Comparison of Ovarian Mild Stimulation and Controlled Ovarian Stimulation in Poor Ovarian Responders (POR)
Infertility
About this trial
This is an interventional treatment trial for Infertility focused on measuring Poor ovarian response, in vitro fertilization, mild ovarian stimulation, controlled ovarian stimulation
Eligibility Criteria
Inclusion Criteria:
- a. Poor ovarian responders b. Normal BMI (18-25 Kg/m2) c. Regular menstruation (with cycle 23-35 days)
Exclusion Criteria:
- a. History of repeated IVF failure (previous IVF cycle >2) b. Serious adenomyosis c. Polycystic ovary syndrome(PCOS) patients d. History of allergic to ovulation induction medicines e. Abnormal uterine cavity, i.e, intrauterine adhesion f. Attending other clinical trials in the same period. g. History of systemic disease contradictory to COH or pregnancy.
Sites / Locations
- sixth affiliated hospital of Sun Yet-san University
Arms of the Study
Arm 1
Arm 2
Experimental
Active Comparator
mild ovarian stimulation
controlled ovarian stimulation
Patients are stimulated with mild ovarian stimulation protocol,i.ed, from cycle day 3 to 7, letrozole 5mg per day are administrated and recombinant FSH 150 IU are given on day 4 and 6 . On cycle day 8, serum FSH LH, and estradiol levels are measured, and after then, the dose of recombinant FSH is adjusted according to the ovarian response and the maxim recombinant FSH dose is 150 IU/d. The GnRH-antagonist (Cetrotide) 0.25mg per day is administrated when the estradiol level reaches 200 pg/ml and the serum LH level rises above 2 times of basal LH level.

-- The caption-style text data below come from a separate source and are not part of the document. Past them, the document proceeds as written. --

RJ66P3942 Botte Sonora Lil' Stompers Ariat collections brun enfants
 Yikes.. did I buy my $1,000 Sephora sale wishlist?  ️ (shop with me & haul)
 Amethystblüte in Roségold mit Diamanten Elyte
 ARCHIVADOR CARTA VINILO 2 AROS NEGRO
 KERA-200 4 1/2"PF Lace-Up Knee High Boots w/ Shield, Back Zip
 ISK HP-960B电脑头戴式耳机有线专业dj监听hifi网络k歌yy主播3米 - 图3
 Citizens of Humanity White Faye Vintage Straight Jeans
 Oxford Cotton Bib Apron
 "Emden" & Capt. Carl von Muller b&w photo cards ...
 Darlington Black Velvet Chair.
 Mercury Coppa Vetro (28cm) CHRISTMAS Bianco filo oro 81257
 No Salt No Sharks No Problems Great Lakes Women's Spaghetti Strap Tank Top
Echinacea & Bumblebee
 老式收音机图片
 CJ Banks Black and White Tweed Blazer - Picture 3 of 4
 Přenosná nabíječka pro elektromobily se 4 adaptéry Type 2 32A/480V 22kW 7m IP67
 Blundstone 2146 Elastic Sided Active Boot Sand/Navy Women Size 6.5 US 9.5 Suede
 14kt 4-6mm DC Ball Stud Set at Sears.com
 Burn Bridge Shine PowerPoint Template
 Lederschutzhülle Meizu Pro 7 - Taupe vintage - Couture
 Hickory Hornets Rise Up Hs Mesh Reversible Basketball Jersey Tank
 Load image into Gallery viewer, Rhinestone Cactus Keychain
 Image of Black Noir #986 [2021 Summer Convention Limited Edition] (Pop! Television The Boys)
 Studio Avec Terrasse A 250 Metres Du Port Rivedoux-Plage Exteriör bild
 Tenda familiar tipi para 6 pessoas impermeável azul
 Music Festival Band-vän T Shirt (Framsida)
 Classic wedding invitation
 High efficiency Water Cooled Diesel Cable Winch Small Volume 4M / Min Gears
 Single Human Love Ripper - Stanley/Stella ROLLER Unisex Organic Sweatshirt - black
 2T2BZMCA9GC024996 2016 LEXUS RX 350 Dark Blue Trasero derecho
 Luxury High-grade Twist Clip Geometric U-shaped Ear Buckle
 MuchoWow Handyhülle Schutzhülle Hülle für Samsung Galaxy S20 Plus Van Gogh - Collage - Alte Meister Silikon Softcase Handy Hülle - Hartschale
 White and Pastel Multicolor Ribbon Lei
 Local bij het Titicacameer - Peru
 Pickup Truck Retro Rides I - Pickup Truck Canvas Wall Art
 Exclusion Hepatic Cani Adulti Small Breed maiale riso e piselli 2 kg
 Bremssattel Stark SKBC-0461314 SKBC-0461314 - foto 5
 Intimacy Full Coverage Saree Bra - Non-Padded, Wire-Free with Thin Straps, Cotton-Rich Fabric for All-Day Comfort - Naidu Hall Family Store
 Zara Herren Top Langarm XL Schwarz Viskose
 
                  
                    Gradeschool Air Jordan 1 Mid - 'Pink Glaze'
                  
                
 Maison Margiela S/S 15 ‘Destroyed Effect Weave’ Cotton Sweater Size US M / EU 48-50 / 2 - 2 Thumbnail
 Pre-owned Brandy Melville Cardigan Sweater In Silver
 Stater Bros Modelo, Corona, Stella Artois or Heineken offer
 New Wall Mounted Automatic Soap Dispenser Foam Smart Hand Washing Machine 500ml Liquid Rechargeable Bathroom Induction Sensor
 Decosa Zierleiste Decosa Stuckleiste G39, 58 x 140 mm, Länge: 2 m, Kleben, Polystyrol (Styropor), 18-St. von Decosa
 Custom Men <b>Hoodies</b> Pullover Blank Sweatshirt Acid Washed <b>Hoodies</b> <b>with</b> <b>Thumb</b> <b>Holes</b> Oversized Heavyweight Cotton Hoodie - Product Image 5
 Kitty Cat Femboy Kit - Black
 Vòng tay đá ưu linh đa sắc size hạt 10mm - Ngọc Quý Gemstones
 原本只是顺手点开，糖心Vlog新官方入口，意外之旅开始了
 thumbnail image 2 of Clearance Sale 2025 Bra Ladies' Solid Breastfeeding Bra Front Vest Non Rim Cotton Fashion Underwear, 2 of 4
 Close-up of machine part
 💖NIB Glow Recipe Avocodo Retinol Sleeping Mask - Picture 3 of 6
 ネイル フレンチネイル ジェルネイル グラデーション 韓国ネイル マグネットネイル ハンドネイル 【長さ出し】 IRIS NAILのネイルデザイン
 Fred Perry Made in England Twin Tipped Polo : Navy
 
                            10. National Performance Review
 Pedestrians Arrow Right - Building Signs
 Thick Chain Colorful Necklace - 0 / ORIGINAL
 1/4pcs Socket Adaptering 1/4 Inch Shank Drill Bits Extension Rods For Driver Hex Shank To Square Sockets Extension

Patients are stimulated using controlled ovarian stimulation protocol,i.e., from cycle day 18-22 (day 7 after ovulation) of previous cycle, all participants are given short-acting GnRH agonist (Triptorelin 0.05mg/d) for 14 days, then after checking serum FSH, LH and estradiol to make sure that complete downregulation is achieved, exogenous gonadotropin (recombinant FSH) 300 IU/d is given for 5 days, then the dose of recombinant FSH is adjusted according to ovarian response.